In the above diagram, from the first unit of output to Q0, MC is falling due to increasing marginal returns, and is rising thereafter due to diminishing marginal returns. From the first unit of output to Q1, MC is lower than AC and AVC and hence AC and AVC are falling. After Q1, MC is higher than AVC and hence AVC is rising. After Q2, MC is higher than AC and hence AC is rising. As AC is the sum of AVC and AFC, the vertical distance between the AC curve and the AVC curve is equal to AFC. As AFC falls when the output level increases, the vertical distance between the AC curve and the AVC curve narrows as the output level increases.
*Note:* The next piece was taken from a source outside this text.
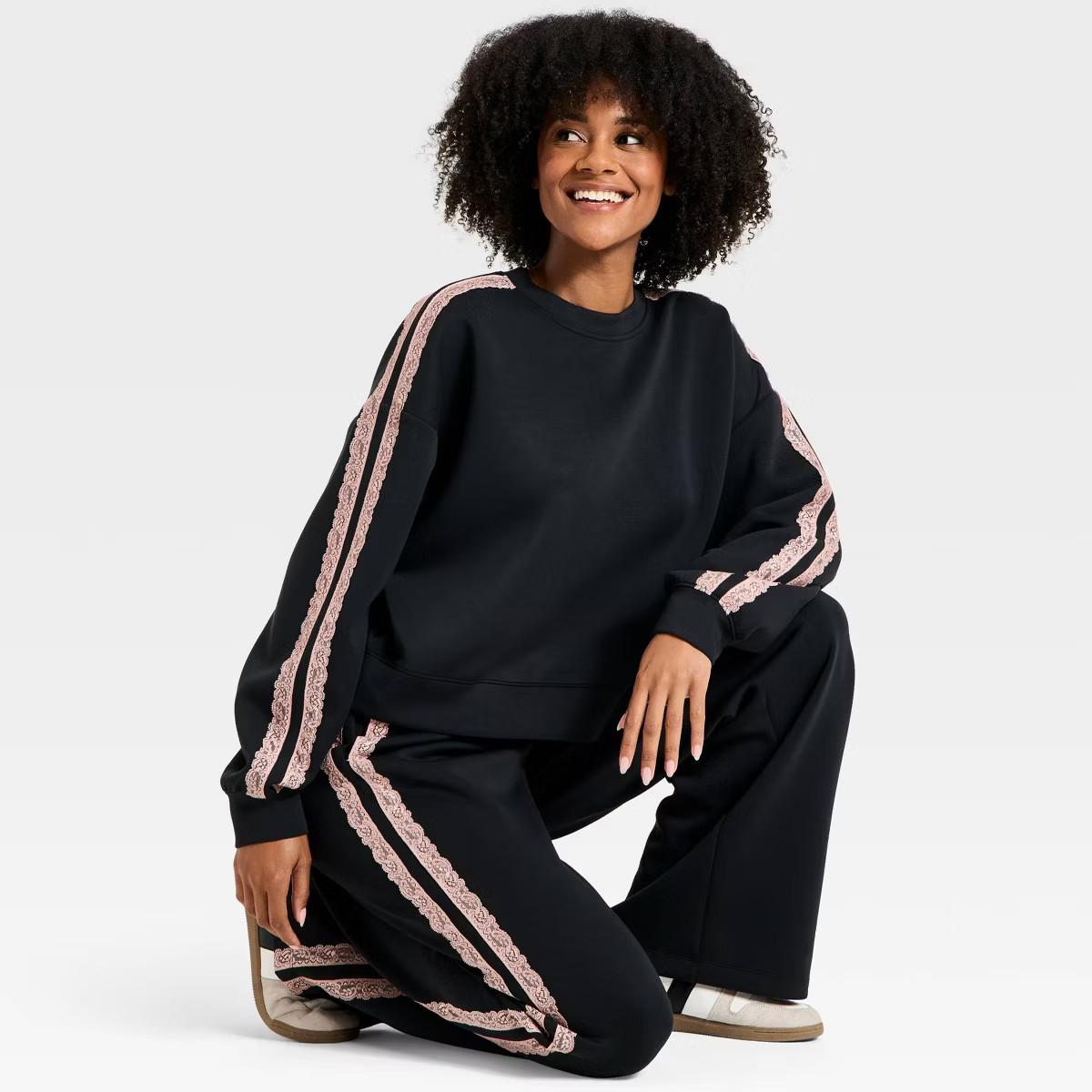 Women's Airy Sleek Lace Trim Crewneck Sweatshirt - All In Motion™ | Target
5          THE LONG-RUN THEORY OF COST

5.1       Long-run Average Cost

The long-run average cost (LRAC) curve shows the lowest average cost of production at each output level when all the factor inputs used in the production process are variable in the long run. Each point on the LRAC curve is a point of tangency to the AC curve with the lowest average cost of producing the corresponding output level.

As fixed factor inputs in the short run become variable in the long run, a firm can choose the quantity of fixed factor inputs that achieves the lowest average cost of producing any output level. Suppose that a firm can choose among three quantities of fixed factor inputs: small quantity, medium quantity and large quantity. For simplicity, one can think of a small quantity of fixed factor inputs as a small factory, a medium quantity as a medium factory and a large quantity as a large factory.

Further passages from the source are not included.